The world of fine dining doesn’t change much. If you need evidence, look to the Michelin Guide's 2017 lists, where the list of three-star places looks the same, pretty much, as it did the year before, and the year before that, and so on.
So it was audacious of Tiger Beer—the Singapore-based beer company that’s making a big push into the United States—to try to shake things in the upper echelons of the restaurant world. They did so by bringing together two unlikely chefs in a series of dinners: Christopher Kostow, whose Restaurant at Meadowood in Napa Valley, Calif., is a constant on the Bay Area’s Michelin three-star list; and Chan Hon Meng, owner of Hong Kong Soya Sauce Chicken Rice and Noodle, which shocked a lot of the world (and his staff) when the hawker stall garnered a Michelin star earlier this year.

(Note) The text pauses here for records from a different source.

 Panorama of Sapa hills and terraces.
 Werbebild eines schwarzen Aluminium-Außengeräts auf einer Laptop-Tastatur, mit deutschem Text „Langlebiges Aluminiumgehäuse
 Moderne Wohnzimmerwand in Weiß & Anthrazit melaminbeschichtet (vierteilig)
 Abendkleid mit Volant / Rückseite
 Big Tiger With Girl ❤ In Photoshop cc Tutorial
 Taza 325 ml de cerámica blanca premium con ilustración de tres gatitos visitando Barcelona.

The two chefs teamed up to cook over three nights at Indochine restaurant in downtown Manhattan; the run ends on Dec. 9. (Don’t think about trying to get into the event, which has been unofficially billed as a muti-star Michelin meal; the line outside was as if Hamilton had announced an evening performance at the restaurant.) It was Chan’s first trip to the U.S. Generally too busy to travel, he starts work at 5 a.m. every day at his stall, where lines averaged a two-hour wait before the news of his Michelin star broke; now it stretches to three hours. Chan may sell the recipe for his chicken for $2 million.
Lowbrow Delights
Kostow and Chan’s meal, labeled Tiger Streats (for street eats), was all about high and low. Half of each table in the space (which was festooned with paper flags) was set with water glasses; the other half with plastic cups. The chefs divided duties for the three-course dinner. The first dish was Kostow’s: He prepared whelk lasagna, a mousse of shellfish layered amid seaweed pasta, with roasted broccoli and whelk broth. If this sounds weird, it was—not lacking in taste, but not the crowd-pleaser. The second course, which Chan served family style, was a platter of his famous braised chicken. Drowned in a soy sauce-based lacquer and served with fragrant long-grain rice, it was richly flavored and sticky, hard to eat, and delicious. Hands down, it was the highlight of the meal.

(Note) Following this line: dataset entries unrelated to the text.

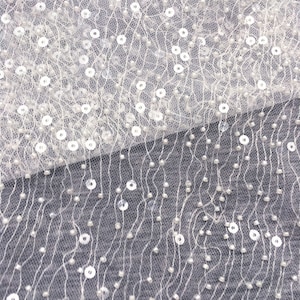 Luxury Wedding Dress Lace Fabric By yard  Beaded Sequined lace Fabric   Lace Mesh Gauze  51 inches Width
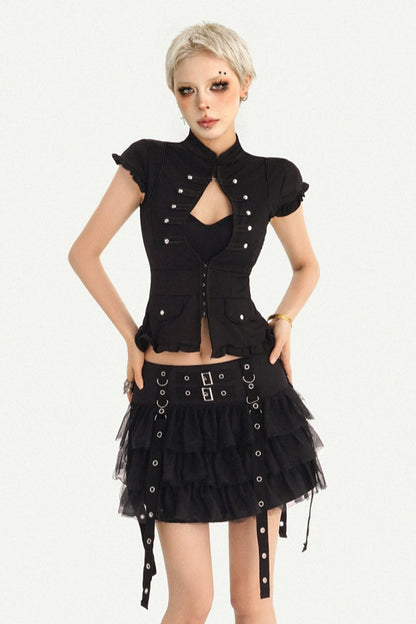 Layered Ribbon Punk Skirt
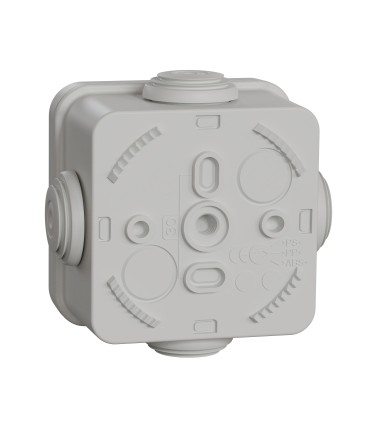 Boite dérivation Mureva Box étanche 65X65X45 à 4 entrées - Gris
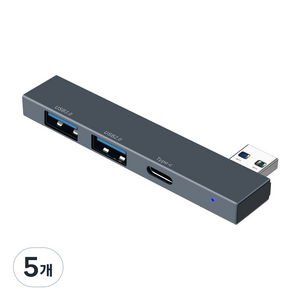 컴스 노트북 미니 USB 허브 USB 2포트 + C타입 1포트 IH586, 그레이, 5개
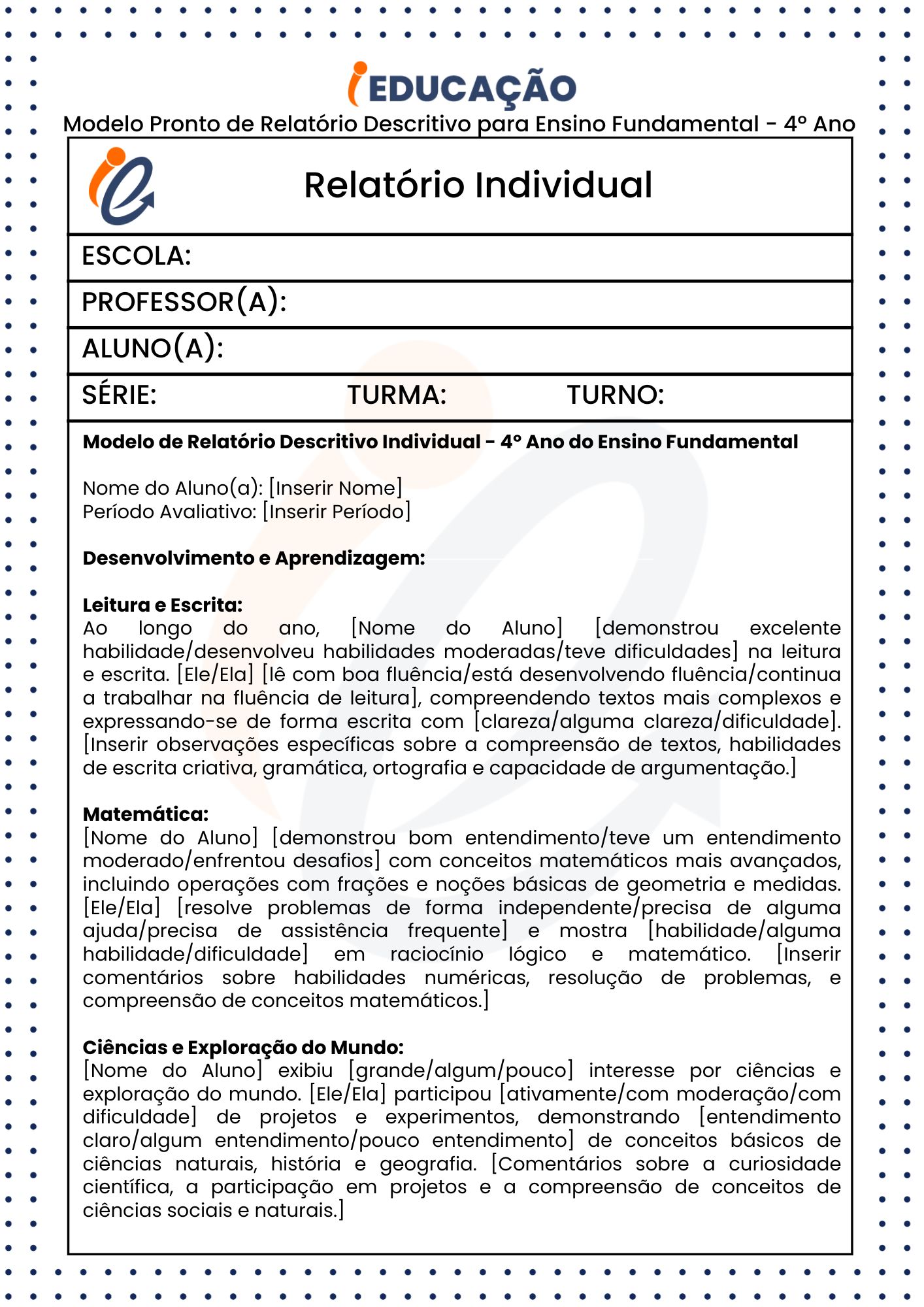 Modelo Pronto de Relatório Descritivo para Ensino Fundamental - 4º Ano parte 1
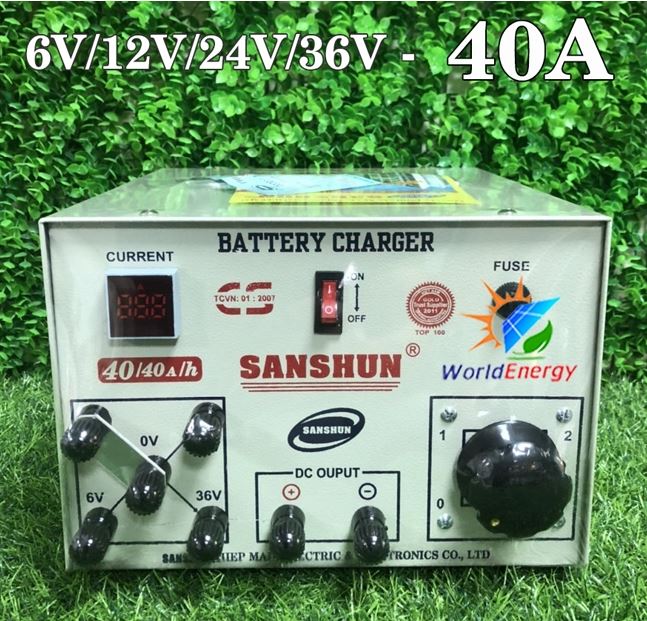 Máy sạc bình ắc quy 6V-12V-24V-36V  40A dùng cho ắc quy 200Ampe trở xuống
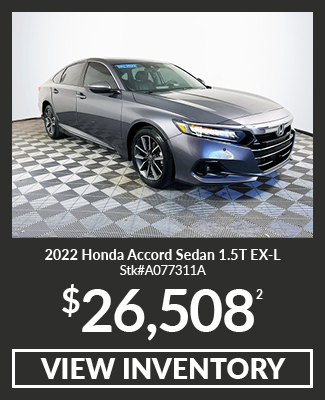 Certified Pre-Owned 	2022	Honda	Accord	Sedan 1.5T EX-L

Most fine-dining chefs, especially ones as talented as Kostow, would be vexed that their dish wasn’t the best. Not Kostow. “I believe there’s not intrinsically greater value in fancy food. There’s nothing inherently great about fine dining,” he told me. “I’d rather have a good burrito than mediocre foie gras.” He continued: “Who wants to eat whelk lasagna when you can eat that chicken?” Not that he set out to make an inferior dish; he had just decided to let Chan be the star. The older, energetic chef is half the size of Kostow, speaks English via a translator, and is most at home when he’s whacking his mahogany-colored chickens into pieces with a cleaver.
High Strategy
Kostow believes that you have to work hard to make food that justifies that high price point. “We’re in northern California, where we have people with a lot of disposable income and an inclination towards creativity, maybe more so than in New York,” he said. “People there will take chances. But that doesn’t mean that you don’t have to push your food a lot harder than if you were doing something simple.” The tasting menu at Meadowood is $330 per guest; the counter menu is $500 each. The chicken at the hawker stall costs about $2 Singapore ($1.40) per plate.

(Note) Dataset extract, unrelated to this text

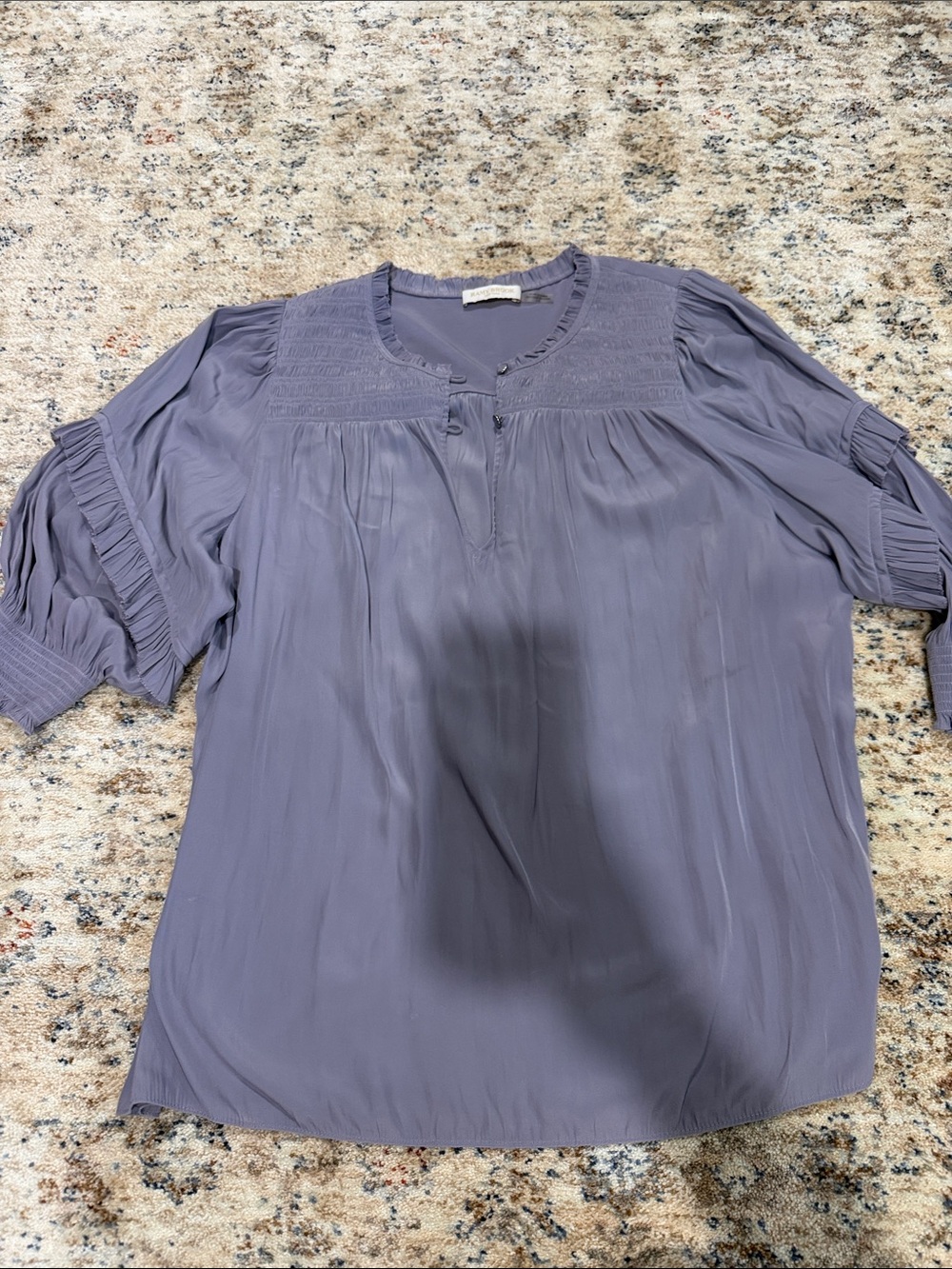 Ramy Brook Dusty Lavender Smocked Yoke Blouse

Kostow and Chan collaborated on dessert, coconut pudding with glutinous rice balls and red beans, via Skype. Kostow made the pudding; Chan prepared the rice balls and red bean sauce. Chan told me, through his translator, that in China the round balls represent working “happily and merrily” together. Kostow told Chan that he wanted to open his own kelp lasagna stall next to Chan’s chicken and rice joint in Singapore. Chan chuckled. “You’ll steal all my business,” he said. Everyone laughed at that.